Plusieurs producteurs expriment le désir de développer des productions Sud-Sud en y associant le Nord pour trouver les fonds qui manquent en Afrique. Un objectif que vise aussi l’atelier « Produire au Sud ». « Il s’agit de permettre aux producteurs du Sud de se rencontrer et de se connaître, ce qui peut leur donner ensuite l’envie de collaborer sur des projets », explique Guillaume Mainguet, coordinateur du programme « Produire au Sud » au Festival des 3 Continents de Nantes, tout en rechignant à utiliser les formulations « Nord-Sud » ou « Sud-Sud », qu’il juge presque archaïques du fait de l’émergence au Sud de nouvelles puissances mondiales.

Dieudonné Alaka, producteur camerounais (Kopa House), s’inscrit déjà dans cette logique.

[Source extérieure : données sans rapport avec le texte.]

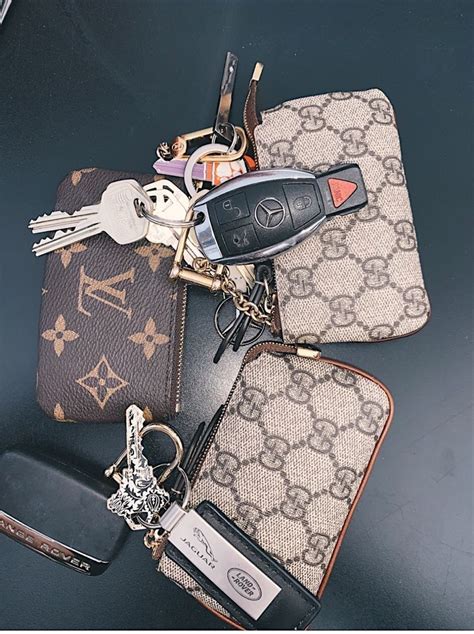 fake lv keychain wallet|louis vuitton key pouch wallet.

A Agadir, il accompagne le réalisateur burkinabé Yssouf Koussé pour présenter le film Massata Cissé, qui raconte l’histoire d’une femme, conductrice de camion à travers l’Afrique de l’Ouest, qui rêve de s’acheter son propre véhicule et espère transmettre sa passion du métier à son petit-fils. Pour ce film, Dieudonné Alaka souhaite associer une société de production du Nord, mais reconnaît la complexité d’une telle collaboration. « Il faut savoir gérer les contrats, faire un budget, répartir les recettes… Tout ça ne s’invente pas, il faut l’apprendre. »

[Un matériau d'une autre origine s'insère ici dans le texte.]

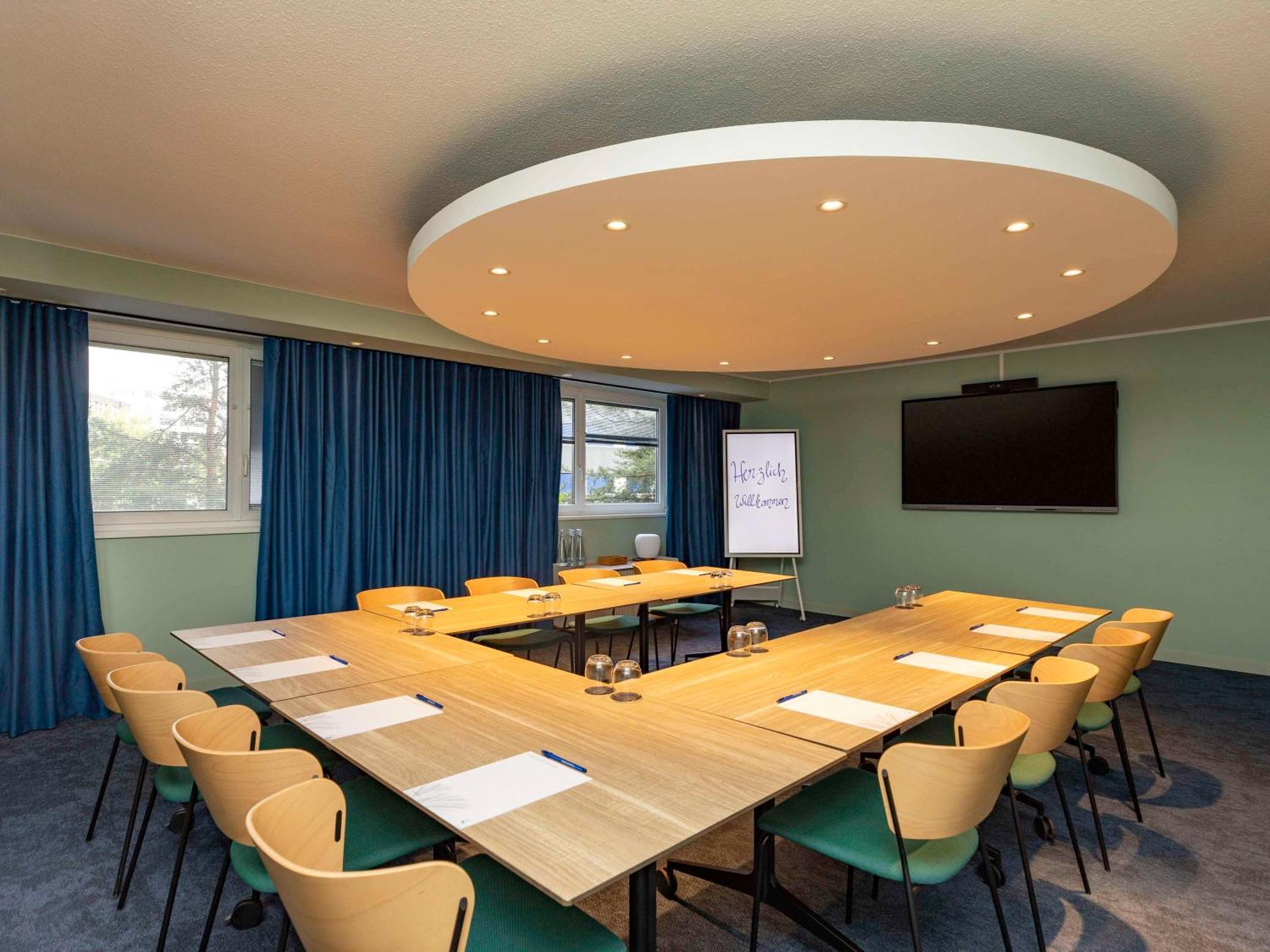 Novotel Zurich City West Exterior photo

La Marocaine Merieme Addou produit quant à elle le projet de sa compatriote Zineb Chafchaouani Moussaoui, Pour les âmes pendues, portrait intime de l’oncle de la réalisatrice, militant contre la peine de mort qui a été emprisonné neuf ans sous Hassan II. « Au Maroc, la chaîne 2M, très regardée au Maghreb, coproduit des documentaires marocains. C’est une chance. Mais ailleurs en Afrique, les écrans manquent pour montrer les films », souligne Meriem Addou, qui envisage un développement en coproduction à l’international. L’atelier « Produire au Sud » l’y a bien préparée, assure-t-elle. « Nous avons pu échanger avec un juriste de la Société civile des auteurs multimédia (SCAM), en France, qui nous a par exemple aidés à bien lire un contrat avant signature. »

La compétition est féroce

A l’issue de cette semaine de travail et d’échange sur les questions de production et d’écriture de scénario, les producteurs et réalisateurs africains se sont prêtés à l’exercice du « pitch » : présenter les projets en anglais devant un public et un jury de producteurs et de diffuseurs internationaux. « Nous avons essayé de reproduire les conditions qui existent dans les marchés du film. Il fallait qu’ils présentent en quelques minutes leur projet et suscitent un véritable intérêt chez ceux qui les écoutent, explique le producteur italien Stefano Tealdi. La compétition pour obtenir des fonds est féroce et nous avons fait tout notre possible pour les y préparer. » L’enjeu : que l’Afrique filmée et racontée de l’intérieur, par les Africains eux-mêmes, soit vue aussi au Nord, dans les salles de cinéma ou à la télévision.